Back in the Tourist Office we were met by a small delegation, and with them we walked over to City Hall and were escorted past the guards and up the stairs to meet with the assistant to the Mayor, Ricardo Griva. He spoke rather good English, and from him we learned that the delegation accompanying us was composed of Tourist Office employees who were trying to learn what to do with visiting boaters. It seemed as if we were the first sailboat to visit the city in a very long time.
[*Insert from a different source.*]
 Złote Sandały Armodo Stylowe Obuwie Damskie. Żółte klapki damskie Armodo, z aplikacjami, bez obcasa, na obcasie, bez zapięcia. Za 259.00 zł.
Once Roberto was appraised of our need to clear into Peru with Migracion, Aduana, Capitan de Puerto and whoever else wanted a piece of the bureaucratic action, he took us across the city's central square to the Capitania. There he arranged a meeting with the Capitan de Puerto, who told us we needed to go to the Autoridad Portuaria Nacional. Roberto escorted us up through another square and along the narrow streets for ten or twelve blocks to the APN, and introduced us to the Jefe de Oficina, Luis Antonio Bodero Coelho.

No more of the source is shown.